CA BESANÇON (1re ch. civ. et com.), 5 novembre 2014 : RG n° 13/02021

Publication : Jurica

 

Extrait : « La clause pénale, fixe les dommages et intérêts dus par le débiteur qui n'exécute pas son obligation. Destinée à réparer forfaitairement le préjudice nécessairement subi par le créancier du fait de cette inexécution, elle ne saurait enrichir celui-ci sans cause. Stipulée expressément en cas de défaillance de l'emprunteur pour simple retard, elle ne se heurte pas aux dispositions de l'article 1229 du code civil.

En outre, insérée dans un contrat de prêt destiné à l'exercice de l'activité professionnelle de l'emprunteuse, elle n'est pas régie par l'article L. 132-1 du Code de la Consommation.

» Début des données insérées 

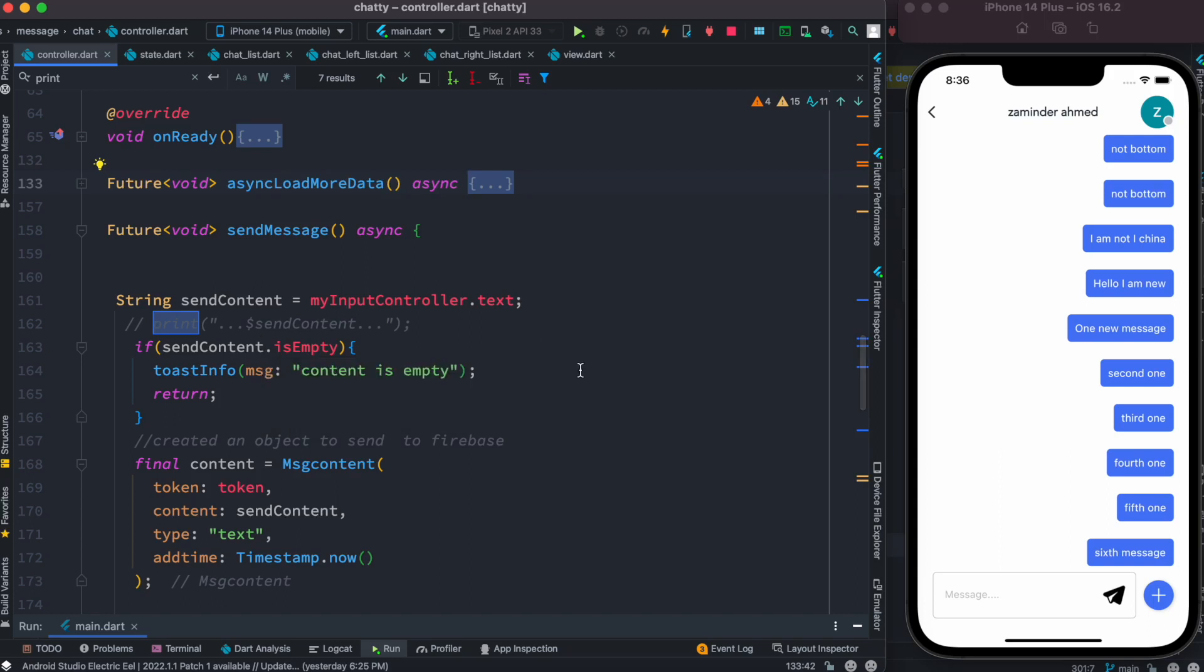Hello everyone, assalamualaikum. Here we'll take a look briefly at how to do Flutter Firebase pagination, which means loading more data on demand as you scroll through. So here we have this chatting app and over here we load more data from Firebase.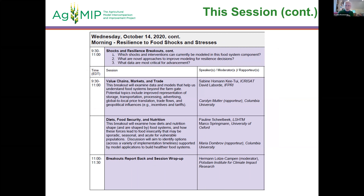The second breakout is on value chains, markets and trade — you can see the components of the food system emerging — led by Sabine Homan Kitui and David Laborde. The third one is on diets, food security and nutrition, led by Pauline Gilbic and Marco Springman. Then we'll get all back together again to hear report backs and have further discussion about resilience. Please put your comments and questions into Q&A throughout the whole session.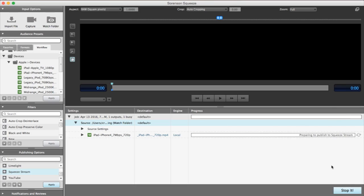Once the watch folder has detected a new file, it will begin compressing it to the preset you applied to your job.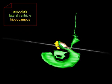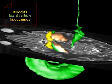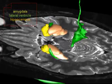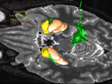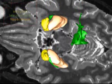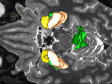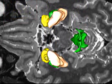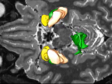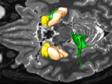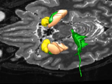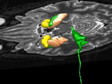Going from anterior to posterior in a frontal MRI series, you will first see the amygdala, then the tip of the inferior horn of the lateral ventricle, and then the hippocampus.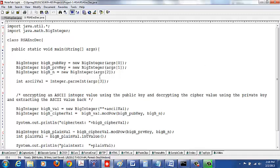Okay, so now let's continue with encryption and decryption using RSA. In this example, I'm going to show you how to input an ASCII value as a plaintext integer, encrypt it using a public key and the n value, and then decrypt it using the private key.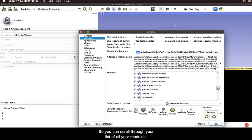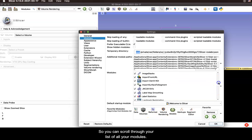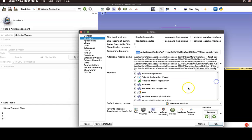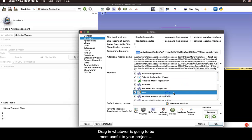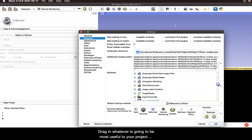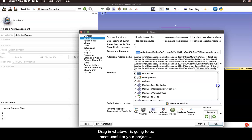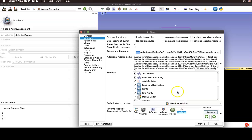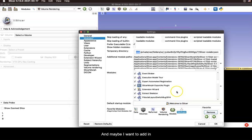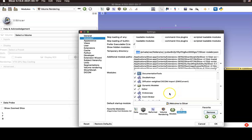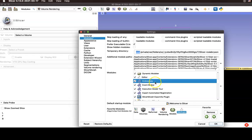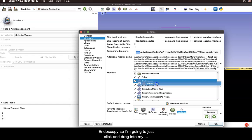So you can scroll through your list of all your modules and drag in whatever is going to be most useful to your project. So you can remove options like remove segment editor and maybe I want to add in endoscopy.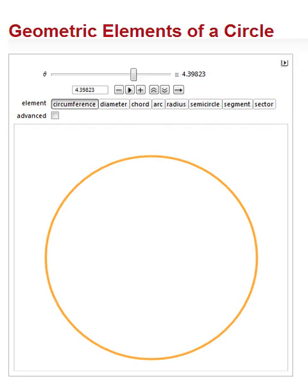This is a Wolfram Alpha demonstration released by the Wolfram Demonstrations Project under the Creative Commons Attribution License. It's called Geometric Elements of a Circle. You can find the original demonstration at demonstrations.wolfram.com by searching for Geometric Elements of a Circle in the search box.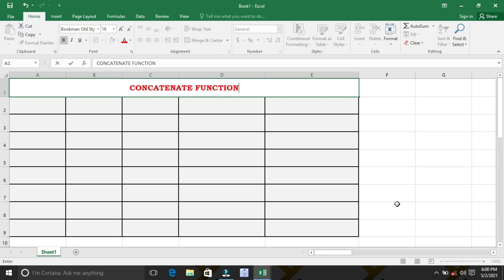What is concatenate function? This function joins separate pieces of text into one item. Why we need to concatenate? For example, the details of the employees were collected as first name and last name. In order to compile the first name and last name, we can use concatenate function.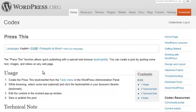Let's have a look at the PressThis WordPress bookmarklet. PressThis allows you to quickly publish text, images, and more from other web pages onto your own site. Some people might call this reblogging.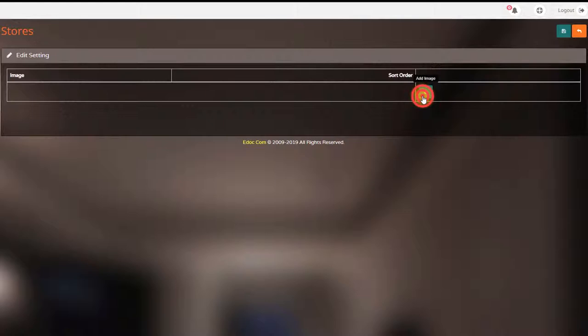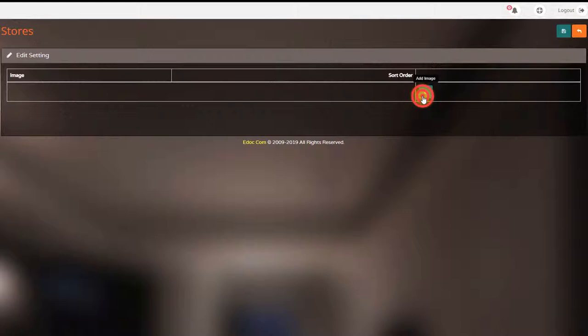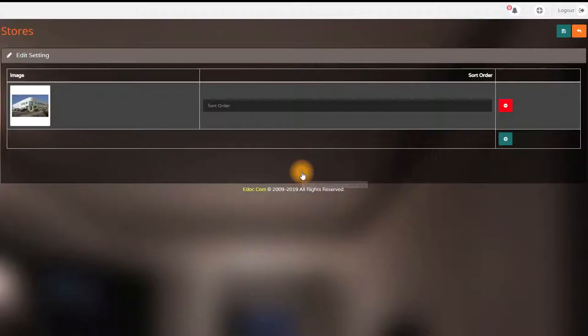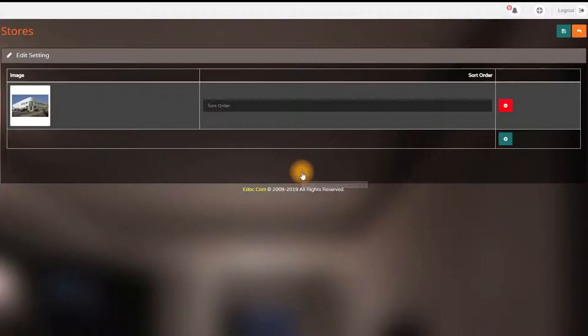Here, you must upload your company layout photo. The more you upload the better.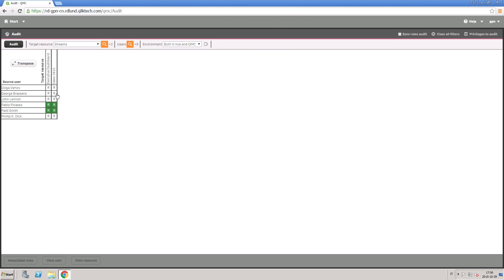The result panel shows a grid of the users and resources and the actions that each user is permitted to perform on the resource.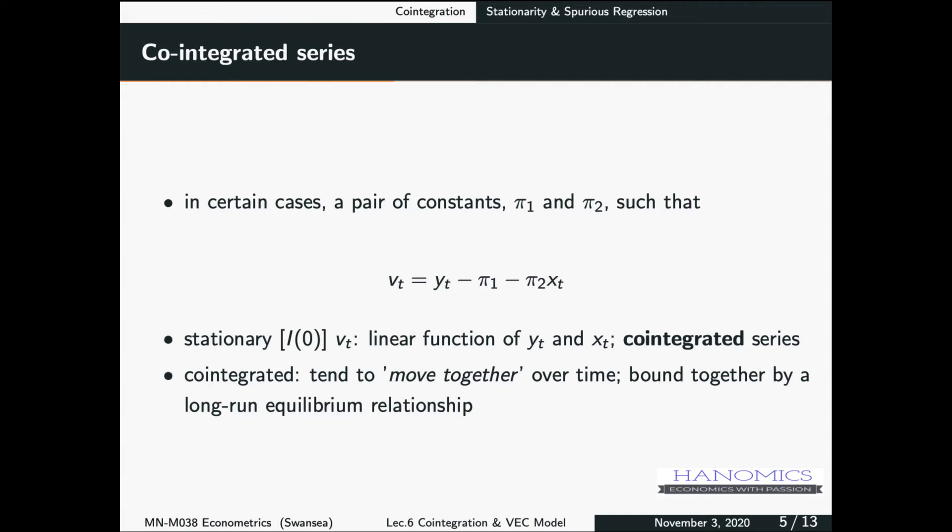It is important to consider the integration properties of the error term. If the error is I(1), this means we have a spurious regression — a misleading regression. What we are interested in is finding a combination that can produce an I(0), stationary error. However, even if we run the model in levels and find such a combination, the error term is likely to be serially correlated. So how do we deal with that?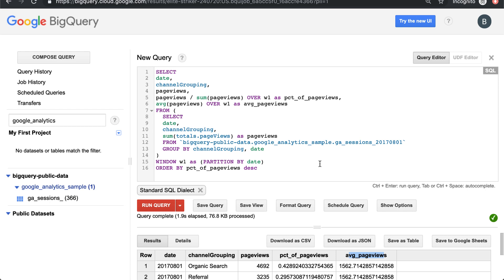I hope that helps. We're going to move on now to a little bit more complex window functions and some other use cases in BigQuery.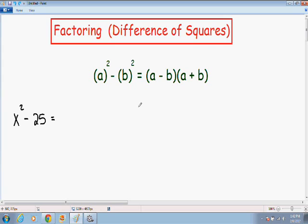Hey everybody, welcome again to another one of my math videos. In this video I will be going over factoring using the difference of squares method.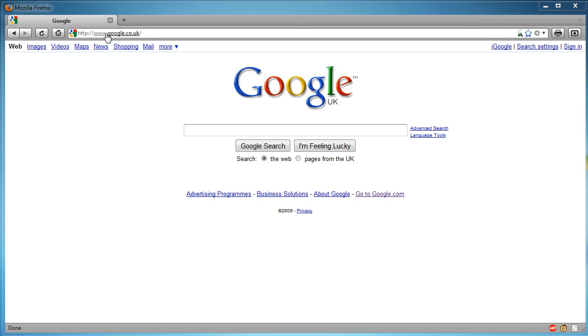First of all, go to Google. So I'm at google.co.uk or if you're in Australia it will be google.co.au. So what you want to do,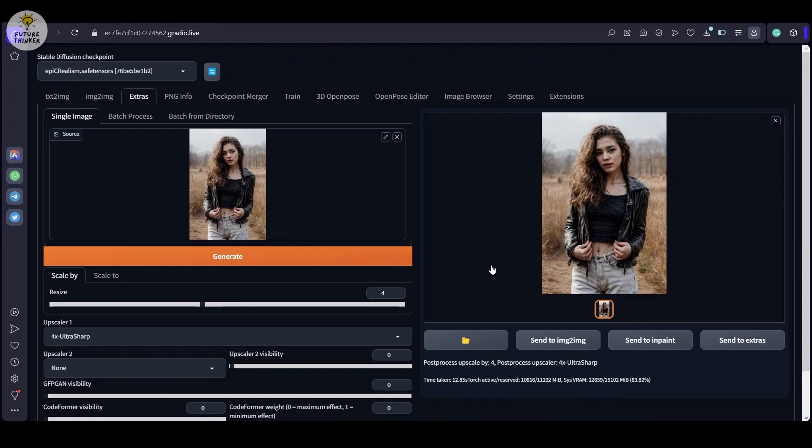And there you have it. A glimpse into the world of effortlessly generating realistic images with various creative ideas. Feel free to explore this exciting trick on your own. Stay tuned for more captivating content in our next video. Thank you for watching. I shall see you in the next video. See ya.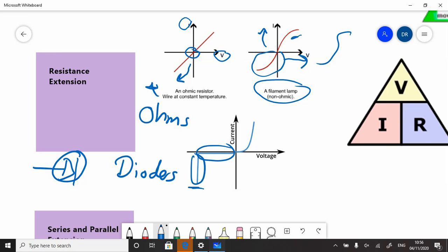Now, what might they ask you to do in the exam? They might ask you to use these graphs to calculate resistance. All it is, is working out the gradient from one of these graphs. So if you think about the change in y is the current, and in x we can get the voltage.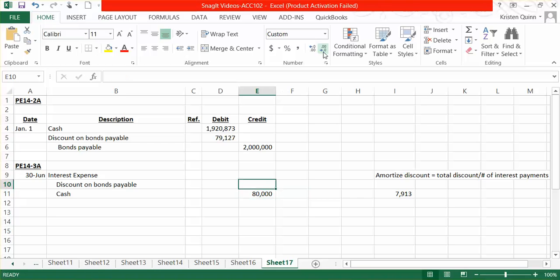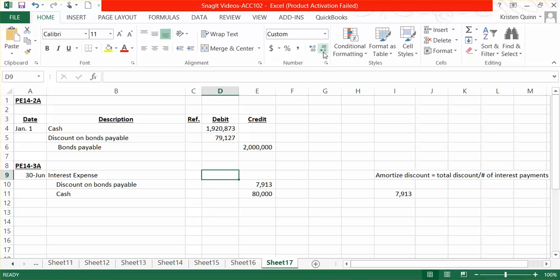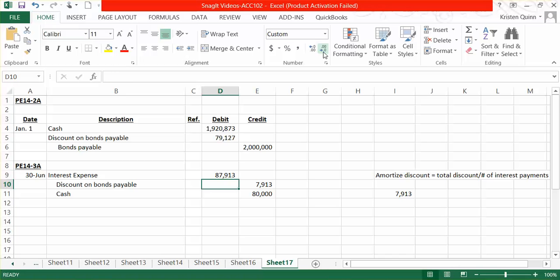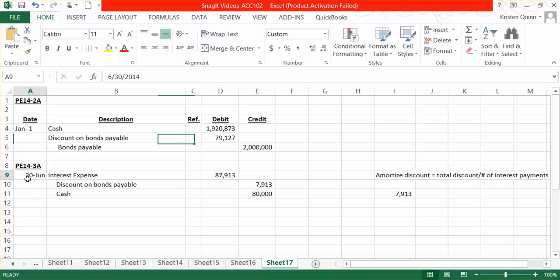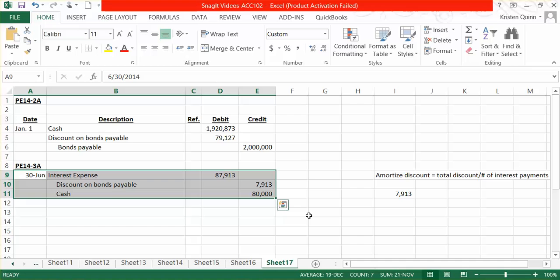My discount went on as a debit on January 1st, so to reduce it, we will credit it on the interest payment date. Therefore, in total, we're going to record interest expense of $87,913. We're recognizing more interest because on the maturity date, we are going to pay back more — the $2,000,000 — than what was originally given to us, $1,920,873. Since we're following the straight-line method for amortization, this journal entry would be exactly the same for every single interest payment we do for the next five years. Thank you so much for joining us.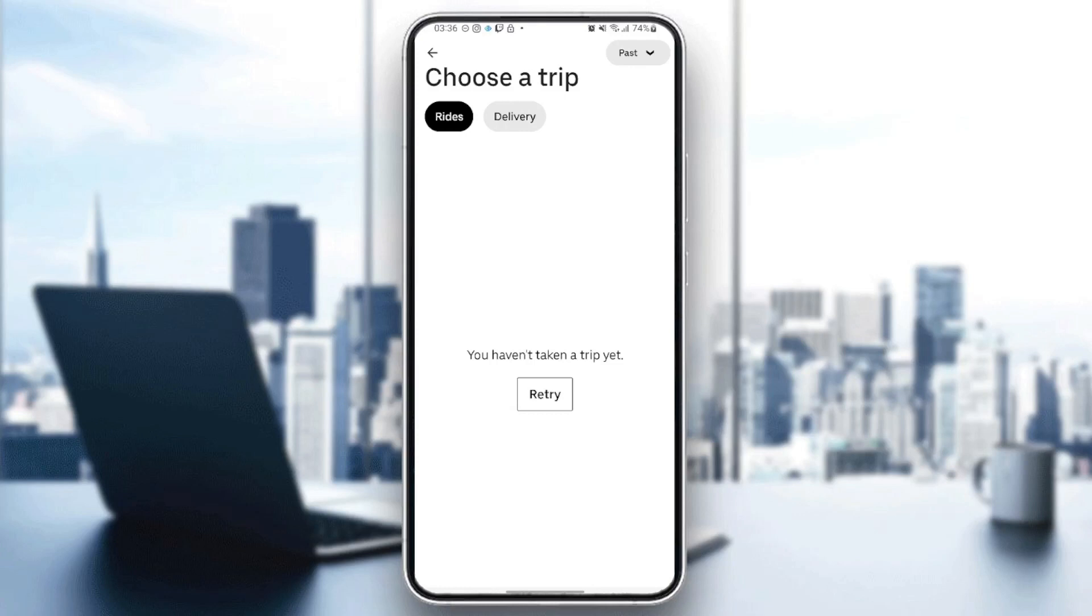Right here you're going to find all of the trips that you did and you can also delete them. As you can see, I don't have a trip, but if you have trip history they're going to show here. Thank you for watching, see you in the next video.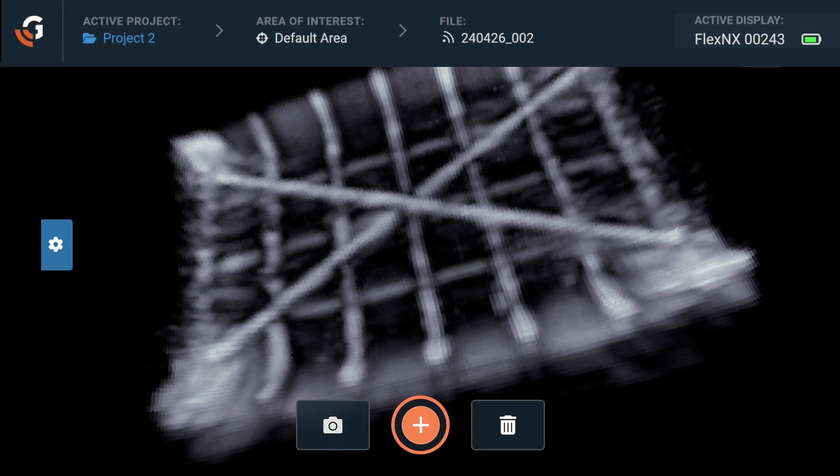Up at the top of the screen, the top navigation menu provides access to typical Flex controls such as the home button, project information, area of interest, and file number.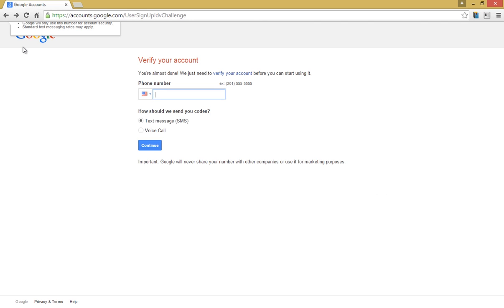Now Google will ask you for your verification through phone. Select your country and enter your phone number.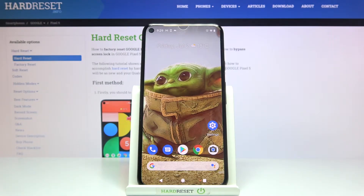Welcome! Here I've got a Google Pixel 5 and I'm gonna show you how to turn on and off the camera location tags on this device.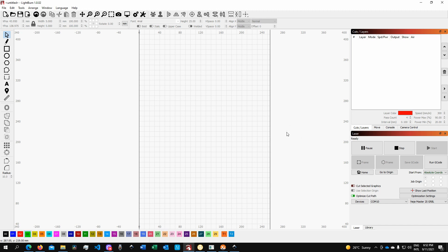The unique feature of the software is its layering system. Lightburn offers a bunch of different layers with different colors, so you can break down your project into different layers and assign to each individual layer different settings for your laser cutting and engraving machine — such as speed, number of passes, minimum and maximum power, and more.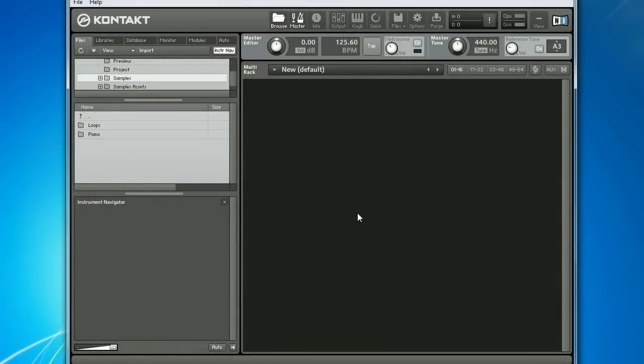Contact can be run in one of two modes: standalone or as a plug-in. For most of this tutorial I'm going to be running it in standalone mode so we can focus on how much the program can do on its own before eventually seeing how it can be used in a larger project. You can tell that Contact is running in standalone mode when this top toolbar is visible.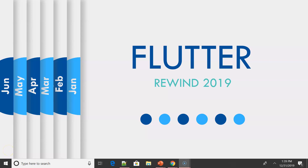Hey, what's up coders, welcome back to my channel. This video is all about Flutter rewind for the year 2019. I'll try to cover all the facts, announcements, events, and technical updates that we had for the year 2019. In case I miss any updates, just leave a comment and I'll try to see if I could make a part two video or add an extra slide.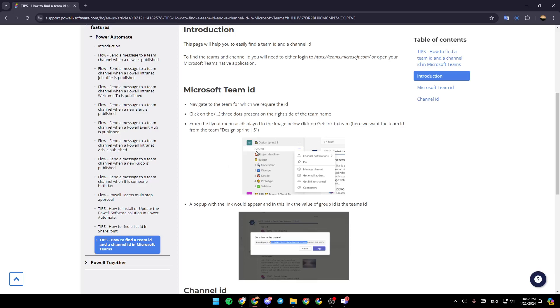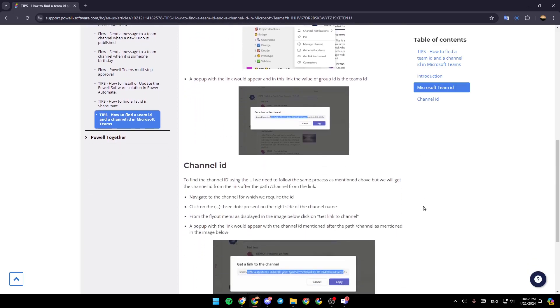So as you can see guys right here in the picture, once you click right here, click on get the link to channel. Then a pop up with the link would appear. And in this link, the value of group ID is the team team's ID.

Enfin, le caractère manifestement excessif d'une clause pénale s'apprécie par rapport au contrat dans lequel elle s'intègre sans égard à d'éventuelles autres conventions conclues entre les mêmes parties ayant pu prévoir une clause identique ou similaire. C'est dès lors à tort que le Juge Commissaire, pour juger que l'indemnité stipulée était manifestement excessive, s'est référé aux autres contrats souscrit par Mme X. auprès du Crédit Agricole Mutuel de Franche Comté. En l'espèce, la clause prévoyant, en cas de retard dans le remboursement, la majoration du taux d'intérêt de deux points, ne présente aucun caractère manifestement excessif. Librement acceptée par les parties au contrat, elle constitue l'évaluation conventionnelle et anticipée du préjudice subi par le prêteur du fait de la rupture du contrat. Il n'y a dès lors pas lieu de la réduire ou de la supprimer. »

 

COUR D'APPEL DE BESANÇON

PREMIÈRE CHAMBRE CIVILE ET COMMERCIALE

ARRÊT DU 5 NOVEMBRE 2014

 

ÉLÉMENTS D’IDENTIFICATION DE LA DÉCISION       (N.B. : mention ne figurant pas sur l’original)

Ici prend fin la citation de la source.